## Task instructions:
Pictures must not appear in the copy. Restate exactly the lines below from the one with "Hello everyone and" through the one with "And from there", inclusive.

## Data to process:

__________

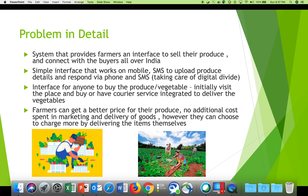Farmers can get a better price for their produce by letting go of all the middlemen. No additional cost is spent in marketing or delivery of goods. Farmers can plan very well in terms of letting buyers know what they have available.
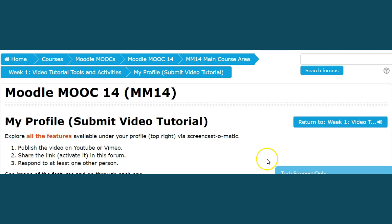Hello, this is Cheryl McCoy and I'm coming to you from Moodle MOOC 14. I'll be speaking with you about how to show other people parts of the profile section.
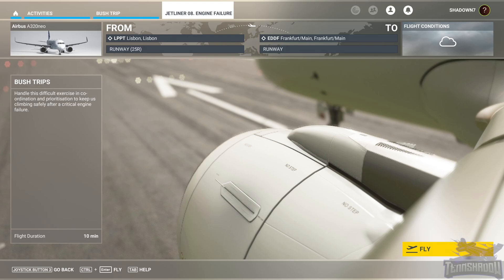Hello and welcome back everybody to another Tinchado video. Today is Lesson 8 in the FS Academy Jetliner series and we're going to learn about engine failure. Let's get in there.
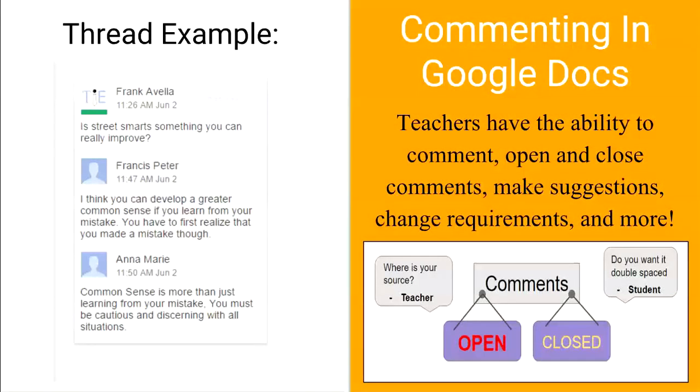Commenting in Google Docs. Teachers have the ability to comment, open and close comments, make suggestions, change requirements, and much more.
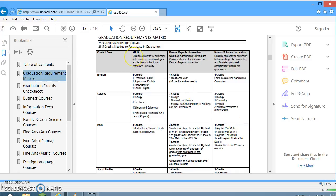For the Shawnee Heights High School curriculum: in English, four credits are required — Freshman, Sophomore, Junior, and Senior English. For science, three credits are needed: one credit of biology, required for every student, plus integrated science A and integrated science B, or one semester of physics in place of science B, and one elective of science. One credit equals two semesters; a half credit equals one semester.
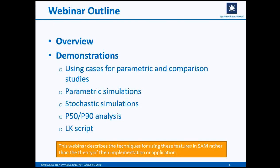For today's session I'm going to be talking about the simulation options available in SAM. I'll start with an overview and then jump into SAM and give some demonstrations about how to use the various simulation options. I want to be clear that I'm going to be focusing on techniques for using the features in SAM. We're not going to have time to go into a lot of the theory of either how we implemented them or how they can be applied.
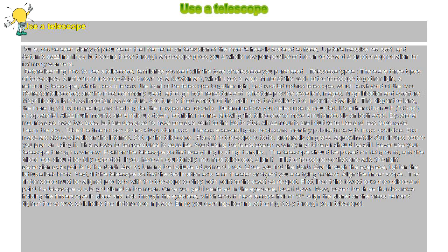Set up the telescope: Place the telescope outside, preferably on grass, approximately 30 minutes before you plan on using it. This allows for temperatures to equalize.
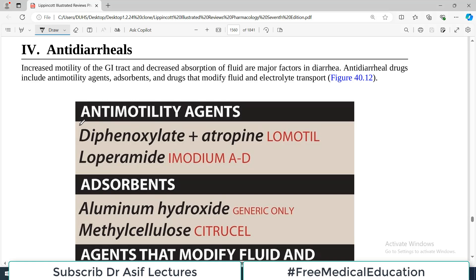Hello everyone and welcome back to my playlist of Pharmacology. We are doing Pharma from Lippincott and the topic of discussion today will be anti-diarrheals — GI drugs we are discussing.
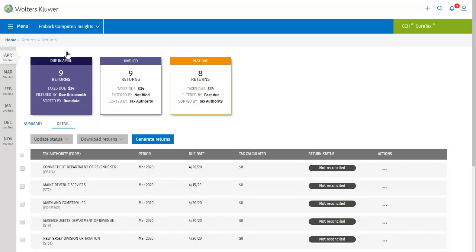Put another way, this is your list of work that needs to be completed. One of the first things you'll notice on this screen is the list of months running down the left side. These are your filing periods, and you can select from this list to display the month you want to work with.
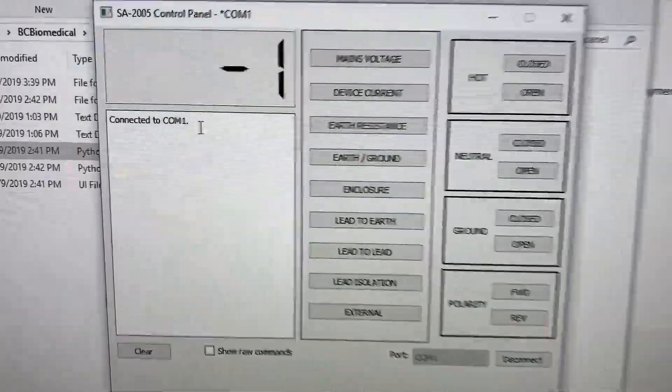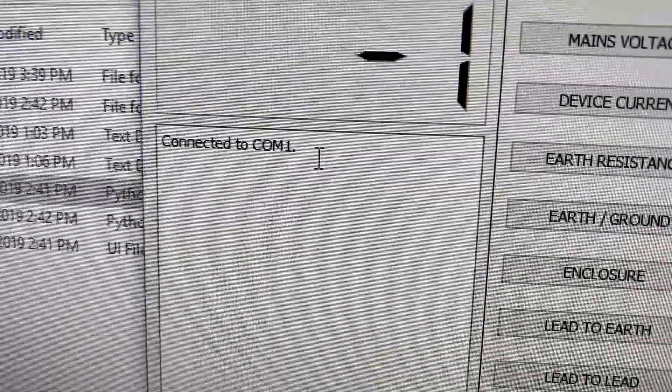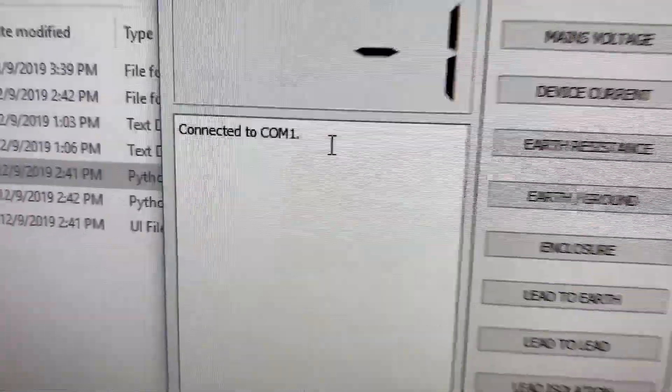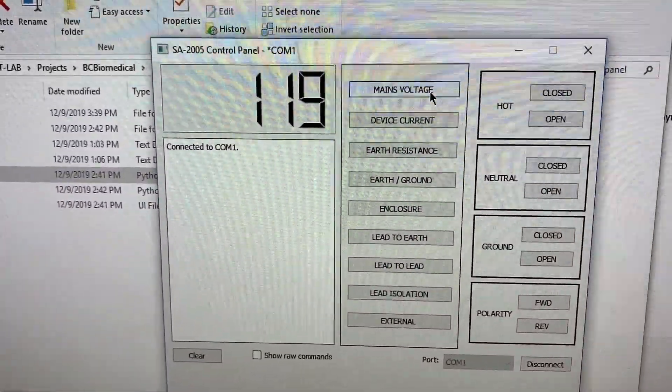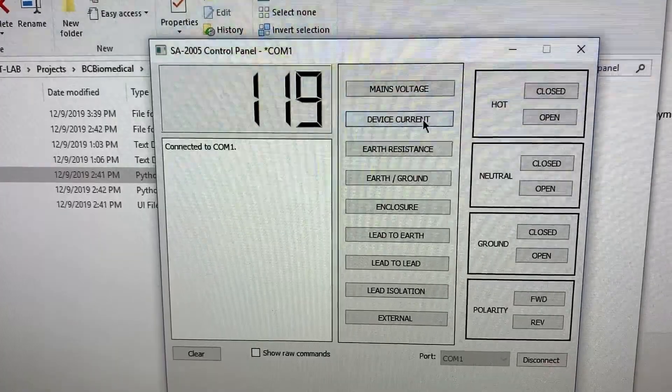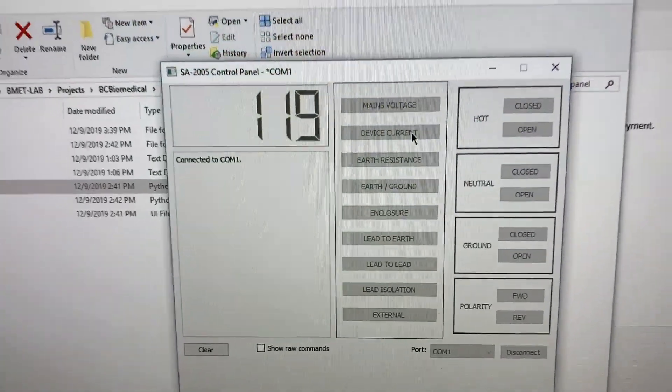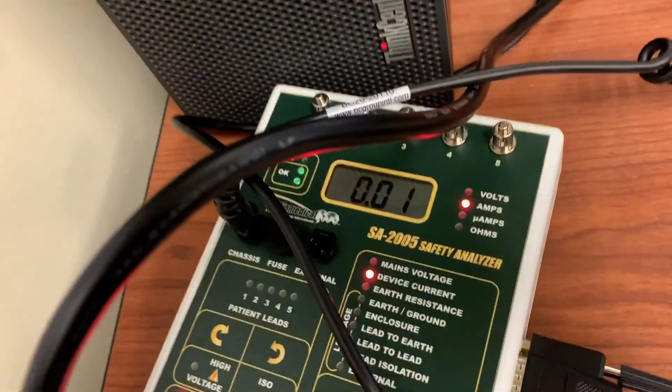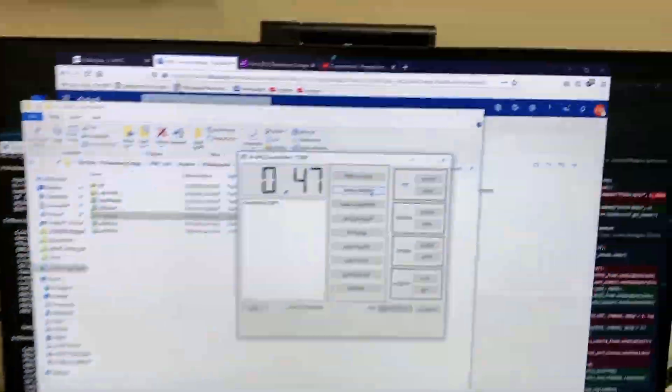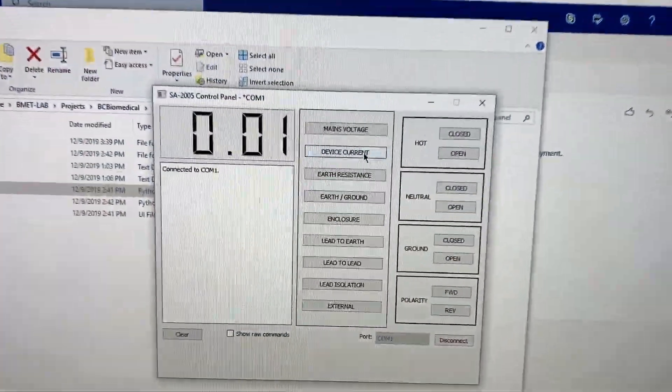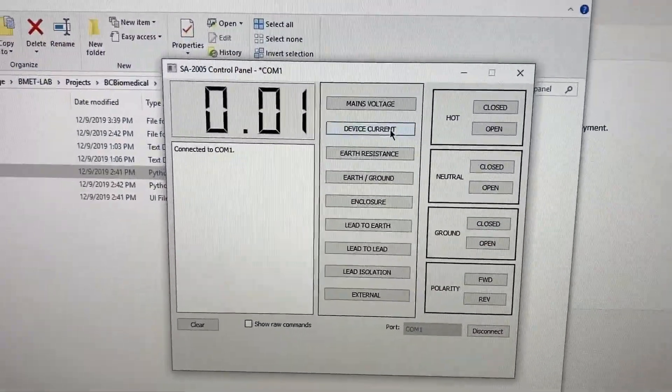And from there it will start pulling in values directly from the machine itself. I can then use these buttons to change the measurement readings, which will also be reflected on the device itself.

__________

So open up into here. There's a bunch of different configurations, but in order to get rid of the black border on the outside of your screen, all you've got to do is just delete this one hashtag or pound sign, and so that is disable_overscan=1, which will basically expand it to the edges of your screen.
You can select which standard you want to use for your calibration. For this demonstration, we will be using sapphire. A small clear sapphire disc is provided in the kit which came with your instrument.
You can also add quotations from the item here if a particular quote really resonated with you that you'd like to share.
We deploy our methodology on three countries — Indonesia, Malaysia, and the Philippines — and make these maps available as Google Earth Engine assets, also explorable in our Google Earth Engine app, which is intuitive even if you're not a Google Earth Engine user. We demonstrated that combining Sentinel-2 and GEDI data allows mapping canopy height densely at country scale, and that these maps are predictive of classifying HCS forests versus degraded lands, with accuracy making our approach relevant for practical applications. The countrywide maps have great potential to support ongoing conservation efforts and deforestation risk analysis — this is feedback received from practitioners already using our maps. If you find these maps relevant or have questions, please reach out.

__________

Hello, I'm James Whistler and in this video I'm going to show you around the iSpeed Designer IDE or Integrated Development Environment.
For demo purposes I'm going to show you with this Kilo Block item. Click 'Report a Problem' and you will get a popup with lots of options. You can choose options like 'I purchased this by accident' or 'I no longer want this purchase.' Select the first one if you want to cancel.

__________

## Result for this task:
Hello everyone and welcome back to my playlist of Pharmacology. We are doing Pharma from Lippincott and the topic of discussion today will be anti-diarrheals — GI drugs we are discussing.
Put another way, this is your list of work that needs to be completed. One of the first things you'll notice on this screen is the list of months running down the left side. These are your filing periods, and you can select from this list to display the month you want to work with.
And from there it will start pulling in values directly from the machine itself. I can then use these buttons to change the measurement readings, which will also be reflected on the device itself.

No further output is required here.